Now that we have implemented manual FGSM/PGD, we can replicate the same attacks using the `secml-torch` library for standardized evaluation and comparison.

Using a library like `secml-torch` simplifies research by providing standardized implementations of attacks and robust evaluation metrics.

### **7.1 Untargeted PGD with secml-torch**
We'll use the `PGD` class from `secml-torch`. Note that we must specify the `lb` (lower bound) and `ub` (upper bound) to match our normalized data range.

In [None]:
from secmlt.models.pytorch.base_pytorch_nn import BasePytorchClassifier
from secmlt.adv.evasion.pgd import PGD
from secmlt.adv.backends import Backends
from secmlt.adv.evasion.perturbation_models import LpPerturbationModels
from secmlt.metrics.classification import Accuracy, AttackSuccessRate

# Wrap our model
secml_model = BasePytorchClassifier(model)
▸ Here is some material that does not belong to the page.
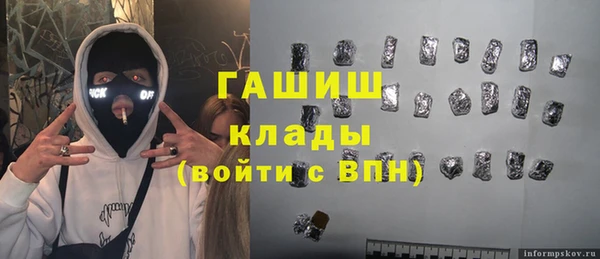 сатива Михайлов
# Define bounds based on MNIST normalization
# Reuse min_val and max_val computed earlier from mean/std

# Instantiate PGD
# To simulate FGSM, we can use num_steps=2
pgd_attack = PGD(
    perturbation_model=LpPerturbationModels.LINF,
    epsilon=0.3,
    num_steps=10,
    step_size=0.05,
    random_start=False,
    backend=Backends.NATIVE,
    lb=min_val,
    ub=max_val
)

# Run attack on a small batch from our test_loader
adv_loader = pgd_attack(secml_model, test_loader)
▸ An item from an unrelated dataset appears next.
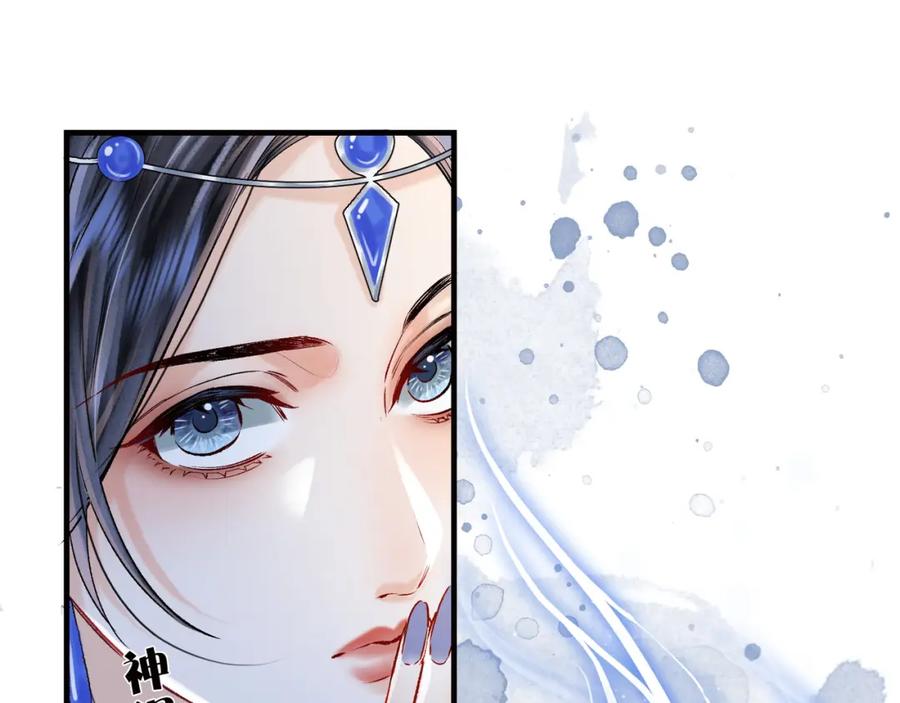 为徒不敬 - 第3话 师尊眼里的小猫咪 - 第14张图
# Evaluate Robust Accuracy
acc_metric = Accuracy()
robust_acc = acc_metric(secml_model, adv_loader)
print(f"Robust Accuracy (PGD): {robust_acc.item() * 100:.2f}%")



### **7.2 Targeted Attack and Attack Success Rate (ASR)**
The **Attack Success Rate (ASR)** measures the percentage of samples that the attacker successfully pushed to the target class.


In [None]:

y_target_val = 8
pgd_targeted = PGD(
    perturbation_model=LpPerturbationModels.LINF,
    epsilon=0.3,
    num_steps=15,
    step_size=0.05,
    y_target=y_target_val,
    backend=Backends.NATIVE,
    lb=min_val,
    ub=max_val
)

adv_loader_targeted = pgd_targeted(secml_model, test_loader)

# Calculate ASR
asr_metric = AttackSuccessRate(y_target=y_target_val)
asr = asr_metric(secml_model, adv_loader_targeted)
print(f"Attack Success Rate (Target: {y_target_val}): {asr.item() * 100:.2f}%")


## **9. Exercises** <a name="exercises"></a>

1. Run FGSM with $\epsilon \in \{0.05, 0.1, 0.2, 0.3\}$ and plot accuracy vs. $\epsilon$.  
2. Compare the perturbations visually between $\ell_\infty$ and $\ell_2$ attacks. You can display the difference array, e.g., `(x_adv - x).abs()`.  
3. Train an adversarially robust model using **PGD** instead of FGSM for 1 epoch and evaluate its robustness. How does training time change? 
4. Discuss why PGD is generally stronger than FGSM.